## Source material
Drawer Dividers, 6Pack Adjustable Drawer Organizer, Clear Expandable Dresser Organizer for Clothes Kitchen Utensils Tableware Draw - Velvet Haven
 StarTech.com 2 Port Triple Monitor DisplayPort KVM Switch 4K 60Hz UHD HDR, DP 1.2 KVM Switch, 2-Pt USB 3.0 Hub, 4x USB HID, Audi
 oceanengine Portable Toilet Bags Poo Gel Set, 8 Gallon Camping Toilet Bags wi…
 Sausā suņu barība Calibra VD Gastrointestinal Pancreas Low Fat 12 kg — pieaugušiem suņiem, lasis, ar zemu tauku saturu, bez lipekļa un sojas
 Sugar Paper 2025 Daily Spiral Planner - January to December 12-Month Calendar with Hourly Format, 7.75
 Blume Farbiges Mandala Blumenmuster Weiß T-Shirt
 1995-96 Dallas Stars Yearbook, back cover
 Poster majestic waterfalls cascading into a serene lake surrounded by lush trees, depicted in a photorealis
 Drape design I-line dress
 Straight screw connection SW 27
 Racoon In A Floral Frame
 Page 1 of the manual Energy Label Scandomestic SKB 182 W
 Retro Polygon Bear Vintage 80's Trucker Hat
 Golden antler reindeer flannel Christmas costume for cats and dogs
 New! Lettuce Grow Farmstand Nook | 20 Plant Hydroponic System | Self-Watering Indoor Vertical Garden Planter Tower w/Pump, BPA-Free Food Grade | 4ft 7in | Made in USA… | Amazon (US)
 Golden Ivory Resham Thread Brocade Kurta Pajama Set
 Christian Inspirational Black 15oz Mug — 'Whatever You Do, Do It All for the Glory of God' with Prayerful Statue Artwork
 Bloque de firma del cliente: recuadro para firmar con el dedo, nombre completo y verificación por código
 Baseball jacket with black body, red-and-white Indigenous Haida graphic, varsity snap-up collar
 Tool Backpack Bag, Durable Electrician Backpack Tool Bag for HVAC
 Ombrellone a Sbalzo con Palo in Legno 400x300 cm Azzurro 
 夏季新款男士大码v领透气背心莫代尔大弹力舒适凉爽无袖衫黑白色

## Assignment
Which lines in the data above hold the string "Golden"? Show each one.

## Solved exercise
 Golden antler reindeer flannel Christmas costume for cats and dogs
 Golden Ivory Resham Thread Brocade Kurta Pajama Set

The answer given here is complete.